Task brief:
Leaving all pictures out, output exactly and only the line containing "Interior Repaint &" and the lines that follow it to the end of the material below.

Provided material:
Segment Open

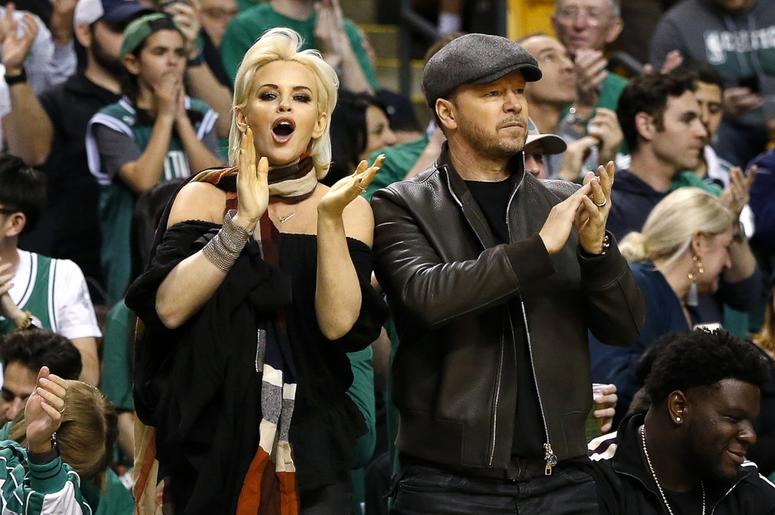 DONNIE WAHLBERG DONNIE WAHLBERG
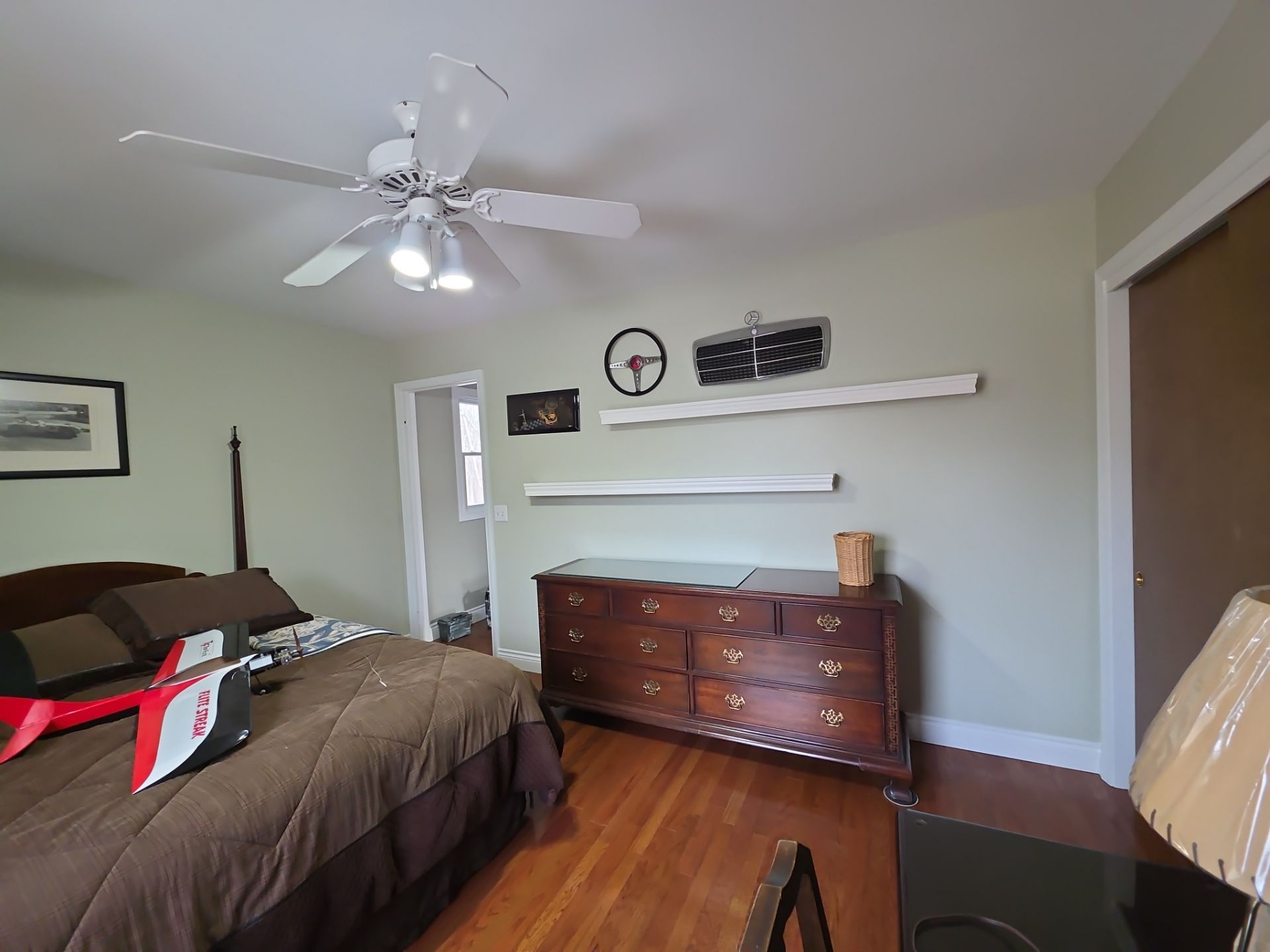 Interior Repaint & Trim Refinishing – Spring Lake, Michigan by Gordon Painting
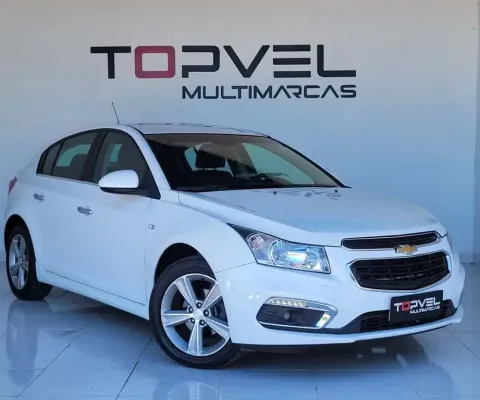 Chevrolet CRUZE LT 1.8 16V FlexPower 4p Aut.
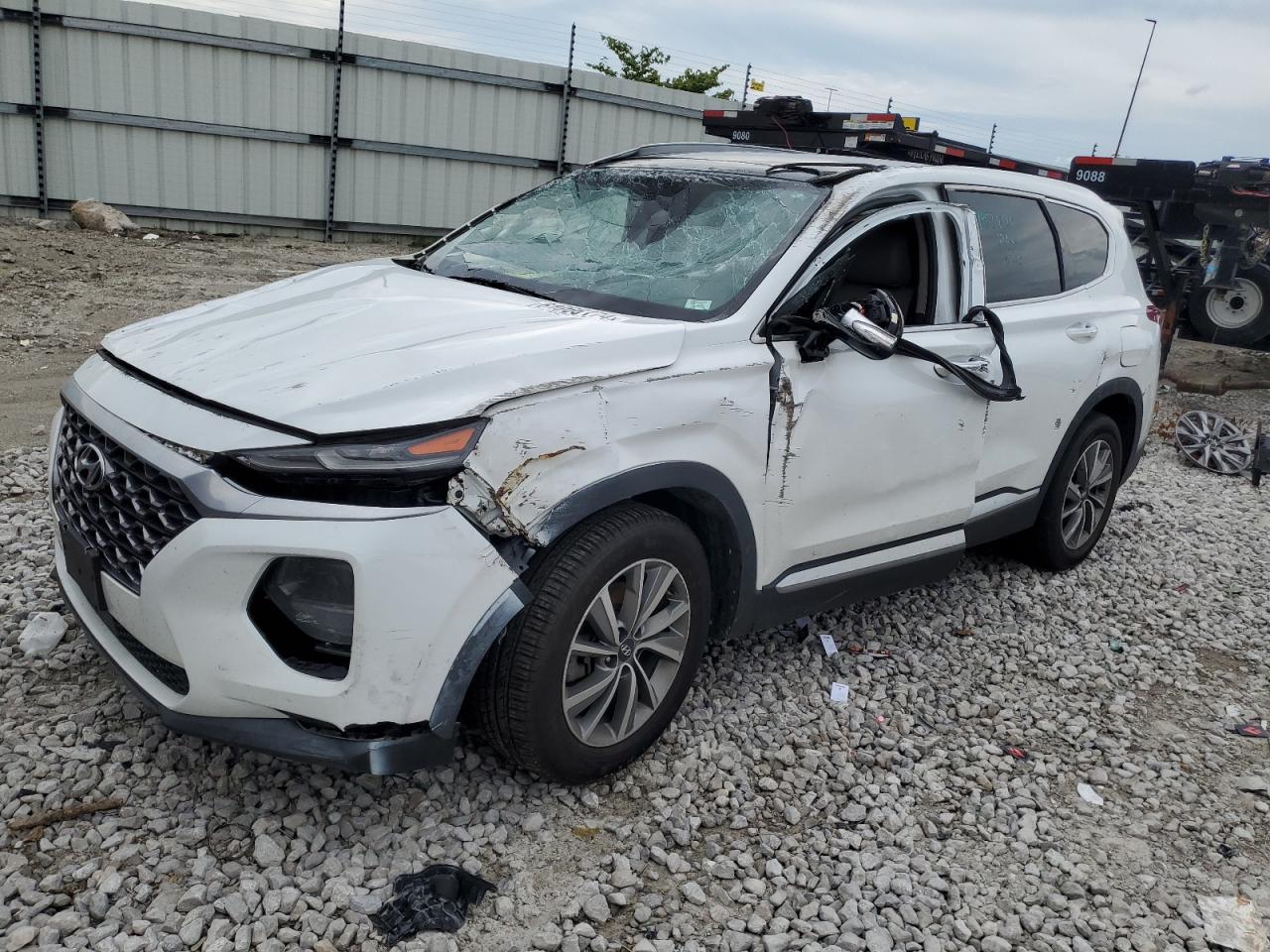 HYUNDAI SANTA FE S 2020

Segment Closed

Solution:
 Interior Repaint & Trim Refinishing – Spring Lake, Michigan by Gordon Painting
 Chevrolet CRUZE LT 1.8 16V FlexPower 4p Aut.
 HYUNDAI SANTA FE S 2020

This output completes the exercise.